Marketplace factors: Poverty, transiency of students, lack of family support for students, high percentages of immigrants for whom English is a second language, lack of supply of diverse teachers and leaders to mirror student populations, disconnects between teacher and leader preparation programs and the reality of schools, increased demand for science, technology, engineering and math (STEM) skills in the workplace, needs for articulation between schools, post-secondary institutions and employers.

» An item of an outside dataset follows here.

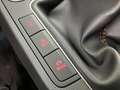 SEAT Ibiza FR Edition 1.0 TSI Schwarz - thumbnail 19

Workplace factors: Allocation and alignment of time, resources, teacher and leader talent to student needs; time and leadership to create collaborative, engaging school cultures in which teacher leadership and team-based learning and development support improved teaching and learning; implementation of performance management systems that work effectively in school contexts; challenges of aligning the work of school governance to support student needs; lack of sufficient funding.

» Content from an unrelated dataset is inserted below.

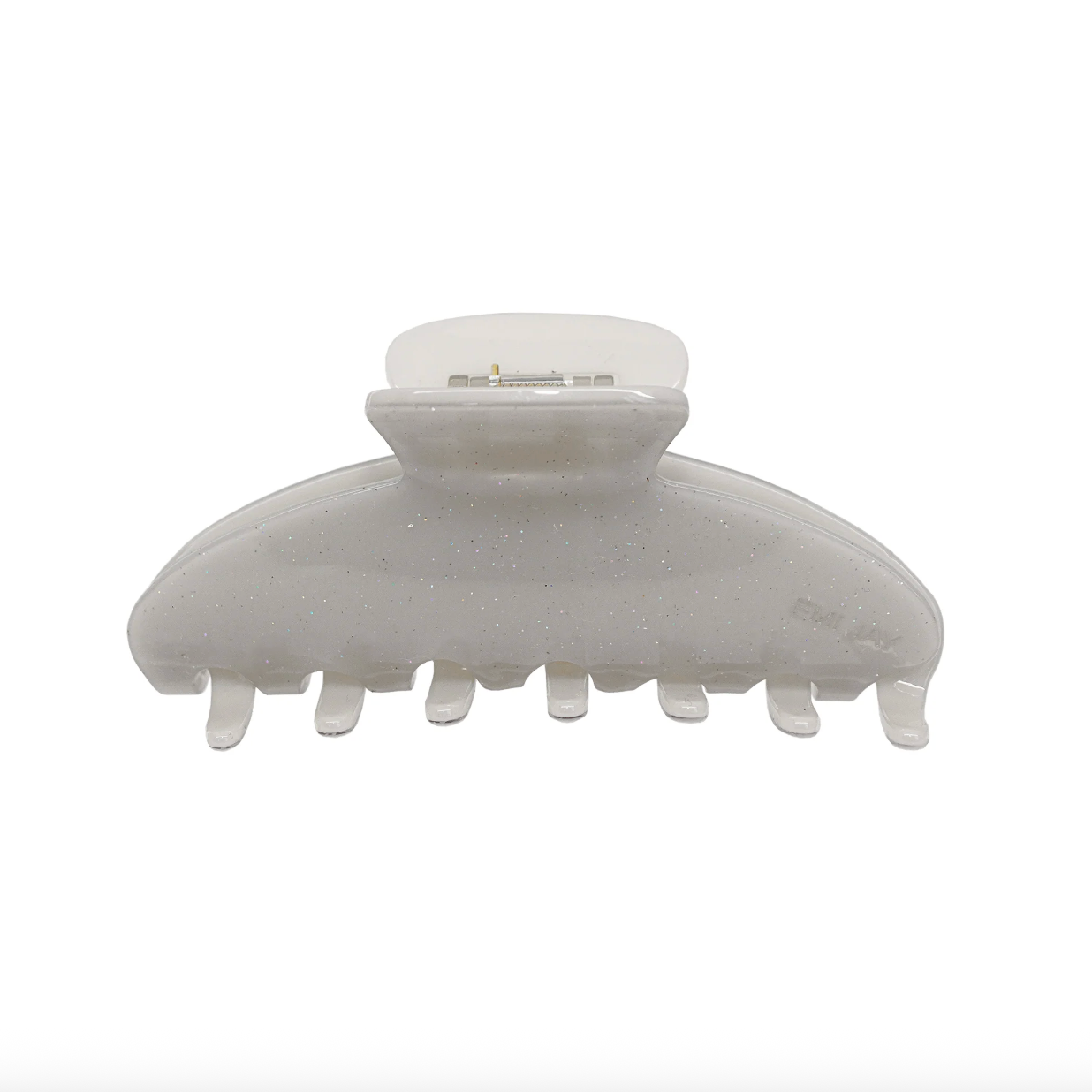 Big Effing Clip® -Sugar Cube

Work factors: Changes in curriculum, instruction and assessment practices to support teaching and learning that prepares students for 21st-century success; increased demand for effective use of technology to support teaching, learning, administration and operations; increasingly diverse student populations requiring support services to speak and write in English; needs to integrate literacy across the curriculum by educators who may not have been trained to teach literacy; heavy paperwork and reporting compliance loads, especially in areas such as special education.

Worker factors: Experienced educators and leaders bring value but may not easily adjust to requirements for changes in practice and technology; aging out of baby boomers with experience, requiring methods for knowledge and skill transfer via coaching and performance support; challenges to educator motivation due to challenges in the workplace; workers who desire a work/life balance that is hard to achieve when supporting student needs.

Ill-structured problems such as these require a collaborative improvement efforts, guided by facilitators who can help people work together to pursue the right sets of solutions, plan and implement them with fidelity and sustain behaviors and progress.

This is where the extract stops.